Areas of Expertise
Industrial/Organisational (I/O) Psychologists have a wide range of skills, knowledge and abilities that allow us to contribute effectively to improve organisational effectiveness and the quality of work life. Specific areas of expertise include:
Change is often met with resistance. The individuals involved are often the biggest obstacles to successful change. Industrial/Organisational (I/O) Psychologists investigate specific issues causing resistance and develop, implement and evaluate strategies to engage employees within the change process.
Once development needs have been identified, coaching provides support, advice and feedback methodologies to assist individuals to improve their job performance. Industrial/Organisational (I/O) Psychologists use evidence-based theories of problem solving, motivation and learning to tailor the best approach for each individual.
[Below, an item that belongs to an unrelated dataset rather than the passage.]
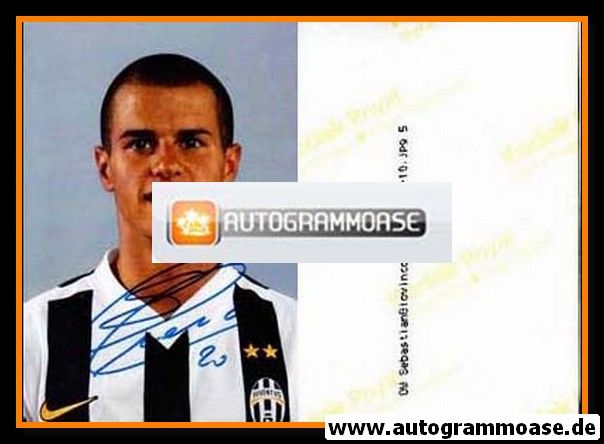 Autogramm Fussball | Juventus Turin | 2009 Foto | Sebastian GIOVINCO (Portrait Color)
Competency frameworks and capabilities define the knowledge, skills and abilities required for successful job performance providing an objective basis for selection, appraisal and training decisions. Industrial/Organisational (I/O) Psychologists systematically analyse the requirements of a role and accurately identify these competencies.
Leadership and talent development
Research demonstrates that effective leadership is less about innate personal characteristics, and far more about their behaviour. By altering behaviours, individuals can improve the effectiveness of their leadership. Industrial/Organisational (I/O) Psychologists advise on, and conduct a range of assessments to identify key areas for leadership and talent development.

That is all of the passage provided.